Mais on ne peut parler de Thérèse sans mentionner sa famille : ses parents « plus dignes du Ciel que de la terre », disait-elle, et qui de fait ont été déclarés saints par le Pape François en 2015 ; ses quatre sœurs, toutes devenues religieuses : Pauline, Marie et Céline au même carmel de Lisieux (dont Pauline sera la prieure pendant 37 ans !), et Léonie à la Visitation de Caen (son procès de béatification est en cours) ; sa cousine Marie Guérin, qui fut sa novice au carmel.

Vie posthume

Châsse de Sainte Thérèse, Chapelle du Carmel, Lisieux

L’histoire de Thérèse, c’est aussi sa vie posthume, et notamment l’extraordinaire rayonnement de son autobiographie, Histoire d’une âme, écrite à ses rares moments libres par obéissance à sa prieure. Publié un an après sa mort à 2000 exemplaires, le livre obtient un tel succès qu’il doit être réédité six mois plus tard. Traduit en plus de 50 langues, il a aujourd’hui été vendu à plus de 500 millions d’exemplaires ! La première fois que je l’ai lu, j’avoue que j’ai été décontenancée par le côté « petites fleurs » des premières pages. Mais comme j’avais lu ailleurs que c’était une grande sainte, je me suis obstinée, et là j’ai découvert, non pas « sous les pavés, la plage », mais sous les petites fleurs, le roc d’une foi inébranlable en l’amour et la miséricorde de Dieu.

À son actif, il faut aussi compter les nombreux miracles et faveurs obtenus par son intercession. Si Thérèse est tellement aimée partout dans le monde, si sa statue est dans toutes les églises, c’est qu’elle écoute et exauce. En 1914, avant même sa béatification, le carmel de Lisieux reçoit 500 lettres par jour ; dans les années 20, au moment de sa canonisation, le chiffre monte à 800. Les foules se pressent à Lisieux, au cimetière d’abord, puis à la basilique où se trouvent ses reliques. Reliques qui, depuis 1950, ont fait non seulement le tour de la France, mais voyagent régulièrement sur tous les continents. Elle qui souhaitait « annoncer l’Évangile dans les cinq parties du monde et jusque dans les îles les plus reculées » voit son rêve accompli !

La sainteté pour tous

Jusqu’à Thérèse, on croyait que pour être saint, il fallait en faire des tonnes, bâtir des cathédrales, en rajouter dans la pénitence et les mortifications. Avec elle, pas de tralala : il suffit de se présenter avec confiance devant Dieu, le cœur et les mains vides, sans vouloir épater la galerie. Elle a rendu la sainteté accessible à tous, et c’est pourquoi elle a été tant décriée par certains (à commencer par ses consœurs) à l’époque d’un jansénisme aride et décourageant, dont il nous est bien difficile de nous départir. Le plus remarquable, c’est qu’elle ait été reconnue par tous les Papes du XXe siècle …

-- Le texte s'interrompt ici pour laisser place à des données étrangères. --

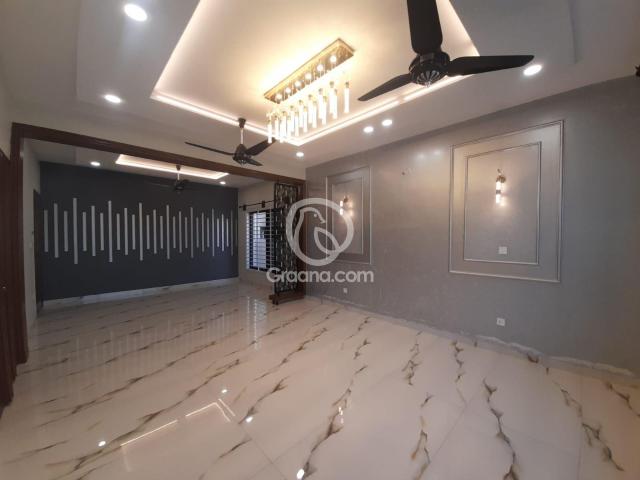 22 Marla Beautiful House for Sale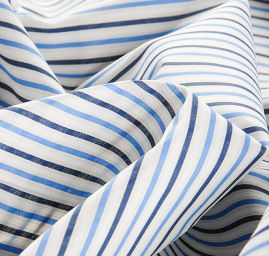 Bavlněná látka vzor proužky modrosmetanová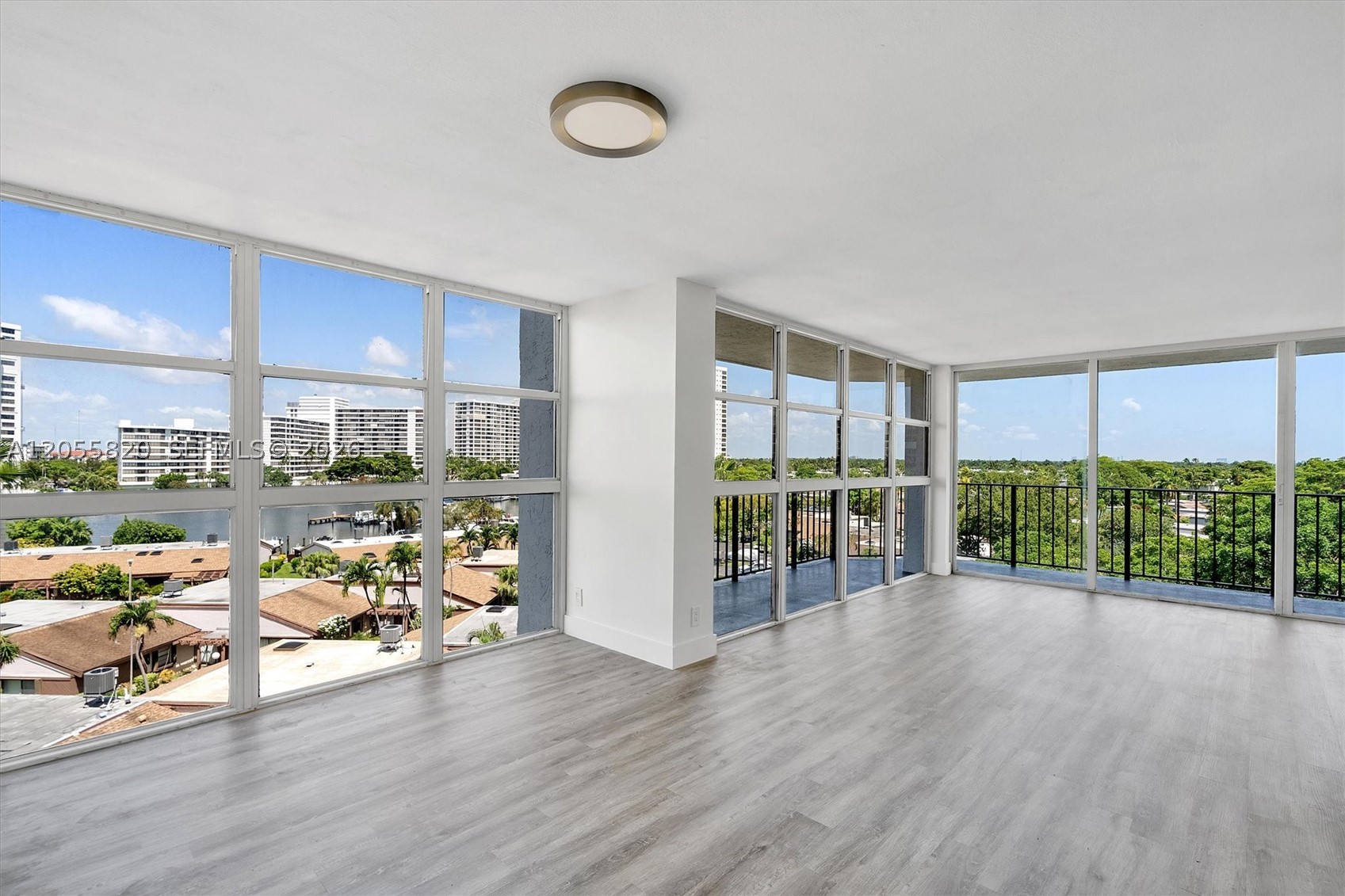 200 LESLIE CONDO - Residential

Sœur Marie de la Trinité, qui fut sa novice, écrira après la canonisation de Thérèse : « Je crois bien que c’est la première fois qu’on canonise une Sainte qui n’a rien fait d’extraordinaire : ni extases, ni révélations, ni mortifications qui effraient les petites âmes comme les nôtres. Toute sa vie se résume en ce seul mot : elle a aimé le Bon Dieu dans toutes les petites actions ordinaires de la vie commune, les accomplissant avec une grande fidélité. Elle avait toujours une grande sérénité d’âme dans la souffrance comme dans la jouissance, parce qu’elle prenait toutes choses comme venant de la part du Bon Dieu ».